Avete mai pensato di fare iniziative per ottenere esenzioni da bollette, spese scolastiche dei figli, o altri servizi pubblici?
Il problema è che non siamo tantissimi e siamo dispersi territorialmente, e comunque fin dall’inizio ci siamo concentrati sul fatto di ottenere la continuità dell’azienda, anche perché avevamo un compratore.
Questa azienda dopo tanti anni la sentiamo più nostra che sua, e non vogliamo regalarla a uno speculature.

Avete mai discusso l’idea che la fabbrica possa andare in mano al pubblico, in un momento in cui lo Stato interviene con miliardi di euro per le banche?
Sì, ne abbiamo parlato ma come un discorso fra noi, non so se se realmente sia possibile. Genta ha rilevato l’azienda da un gruppo che l’aveva messa in liquidazione volontaria, e grazie alla legge Prodi l’ha presa per quattro soldi. 750 mila euro, come dire un appartamento in centro a Milano. In pratica glie l’hanno regalata. Io non so quanto valga questa fabbrica, ma anche a rottame vale milioni.
Dopo averla avuta in regalo, invece di svilupparla ha iniziato a portare via e a posteriori è chiaro che questo piano c’era già dall’inizio: non solo non si investiva, ma non si garantiva la normalità, per avere un paio di guanti era una battaglia, ci sono stati clienti che per avere le commesse hanno dovuto fornire le attrezzature.
Alcuni clienti sono rimasti anche dopo il 31 maggio, durante l’autogestione, come Ormis che poi si è fatta avanti per comprare, probabilmente perché non riuscivano a farli altrove. Altri si sono spaventati perché vedevano che tentavano di farci chiudere quasi ogni giorno. Noi dicevamo: consegnamo il lavoro e voi ci date un altro pezzo da fare, cercando di non fermare l’officina. Siamo andati avanti fino al 17 settembre, quando sono entrati; ero dentro quella mattina quando sono entrati a sgomberarci, eravamo ancora sulle macchine.

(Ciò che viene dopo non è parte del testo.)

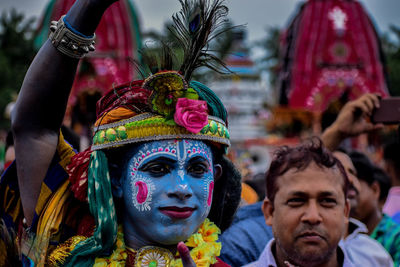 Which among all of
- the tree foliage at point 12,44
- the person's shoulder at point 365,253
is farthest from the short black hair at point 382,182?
the tree foliage at point 12,44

Certo lasciare le macchine ferme, bene non fa. Per un periodo anche dopo che ci hanno buttato fuori, noi entravamo lo stesso a far girare le macchine per non lasciarle a rovinarsi. Di fatto curavamo la fabbrica, anche perché abbandonarla signifca che arrivano a rubarti il rame. Lo sapevano tutti, anche Genta a cui l’abbiamo detto. Poi hanno messo le guardie private e ora non entri più.
Il problema di come proseguire non esiste, potremmo riprendere domani mattina e la cosa pazzesca è che nonostante la crisi nel nostro campo c’è ancora lavoro, Ormis ha preso commesse da Piombino che potremmo soddisfare.

Le crisi e le chiusure si moltiplicano. Che consiglio daresti a dei lavoratori che si trovassero in una situazione simile alla vostra, che si vedono arrivare la lettera che annuncia la chiusura?
Io direi solo di non buttarsi di giù, noi l’abbiamo già provata quando i tedeschi ci dissero “noi chiudiamo, fate quello che volete, le barricate, bruciate l’officina, ma noi chiudiamo”. E a distanza di dieci anni siamo ancora qua, è la prova provata che se la multinazionale decide non è la fine di tutto, dipende dalla determinazione degli operai.
La prima lezione è di non abbandonare la fabbrica, per nessun motivo. Occupi, non occupi, fai un presidio, comunque il punto è che non bisogna abbandonare la fabbrica perché quelle decisioni possono essere cambiate. Anche se è difficile, quando hai contro la proprietà dell’azienda, la proprietà dell’area, il Comune che vuole aprire alla speculazione.